▶ **Your task**: In the entries that follow, find the line containing "Hi everyone, it's"; from there, copy every line exactly through the line containing "Welcome to Crown".

Stored data:
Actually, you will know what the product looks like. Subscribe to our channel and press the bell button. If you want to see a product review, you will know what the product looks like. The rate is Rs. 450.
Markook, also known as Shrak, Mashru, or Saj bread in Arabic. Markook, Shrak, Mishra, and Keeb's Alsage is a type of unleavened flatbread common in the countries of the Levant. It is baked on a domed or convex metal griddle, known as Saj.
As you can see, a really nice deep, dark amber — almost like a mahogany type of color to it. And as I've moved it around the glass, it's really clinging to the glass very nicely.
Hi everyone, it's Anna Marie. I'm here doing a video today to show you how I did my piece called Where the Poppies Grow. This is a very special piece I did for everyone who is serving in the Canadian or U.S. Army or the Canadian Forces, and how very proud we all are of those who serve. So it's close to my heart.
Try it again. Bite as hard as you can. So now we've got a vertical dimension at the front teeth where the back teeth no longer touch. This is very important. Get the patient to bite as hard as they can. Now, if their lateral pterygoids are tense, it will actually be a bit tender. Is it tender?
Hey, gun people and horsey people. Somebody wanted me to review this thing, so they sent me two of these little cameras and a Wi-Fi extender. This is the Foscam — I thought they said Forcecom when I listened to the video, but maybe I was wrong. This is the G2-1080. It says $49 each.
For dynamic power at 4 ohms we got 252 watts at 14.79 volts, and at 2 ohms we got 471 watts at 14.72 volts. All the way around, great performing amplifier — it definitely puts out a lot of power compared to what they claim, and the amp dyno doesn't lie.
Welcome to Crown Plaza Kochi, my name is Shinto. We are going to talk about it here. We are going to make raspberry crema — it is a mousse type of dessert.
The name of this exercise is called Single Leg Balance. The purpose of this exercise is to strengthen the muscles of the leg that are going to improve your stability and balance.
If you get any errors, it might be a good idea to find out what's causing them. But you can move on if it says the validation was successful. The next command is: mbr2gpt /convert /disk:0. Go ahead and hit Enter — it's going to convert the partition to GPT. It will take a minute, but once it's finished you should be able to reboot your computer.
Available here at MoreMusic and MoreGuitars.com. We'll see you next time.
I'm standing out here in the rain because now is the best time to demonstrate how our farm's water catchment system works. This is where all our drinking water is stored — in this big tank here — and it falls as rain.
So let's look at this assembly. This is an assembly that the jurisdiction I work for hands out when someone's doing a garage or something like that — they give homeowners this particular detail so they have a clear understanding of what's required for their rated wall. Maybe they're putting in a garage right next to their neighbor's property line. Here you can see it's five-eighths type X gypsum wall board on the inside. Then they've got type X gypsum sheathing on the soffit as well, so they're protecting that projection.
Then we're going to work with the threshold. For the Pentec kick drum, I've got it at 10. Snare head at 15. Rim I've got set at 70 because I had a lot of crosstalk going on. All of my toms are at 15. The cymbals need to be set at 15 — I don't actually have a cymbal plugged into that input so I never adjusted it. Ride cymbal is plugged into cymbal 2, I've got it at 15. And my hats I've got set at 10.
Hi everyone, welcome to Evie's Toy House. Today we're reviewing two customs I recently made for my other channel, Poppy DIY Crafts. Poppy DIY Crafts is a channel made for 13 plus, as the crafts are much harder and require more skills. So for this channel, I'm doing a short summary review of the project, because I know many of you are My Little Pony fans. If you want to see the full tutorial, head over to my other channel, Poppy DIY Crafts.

▶ **Exercise response**:
Hi everyone, it's Anna Marie. I'm here doing a video today to show you how I did my piece called Where the Poppies Grow. This is a very special piece I did for everyone who is serving in the Canadian or U.S. Army or the Canadian Forces, and how very proud we all are of those who serve. So it's close to my heart.
Try it again. Bite as hard as you can. So now we've got a vertical dimension at the front teeth where the back teeth no longer touch. This is very important. Get the patient to bite as hard as they can. Now, if their lateral pterygoids are tense, it will actually be a bit tender. Is it tender?
Hey, gun people and horsey people. Somebody wanted me to review this thing, so they sent me two of these little cameras and a Wi-Fi extender. This is the Foscam — I thought they said Forcecom when I listened to the video, but maybe I was wrong. This is the G2-1080. It says $49 each.
For dynamic power at 4 ohms we got 252 watts at 14.79 volts, and at 2 ohms we got 471 watts at 14.72 volts. All the way around, great performing amplifier — it definitely puts out a lot of power compared to what they claim, and the amp dyno doesn't lie.
Welcome to Crown Plaza Kochi, my name is Shinto. We are going to talk about it here. We are going to make raspberry crema — it is a mousse type of dessert.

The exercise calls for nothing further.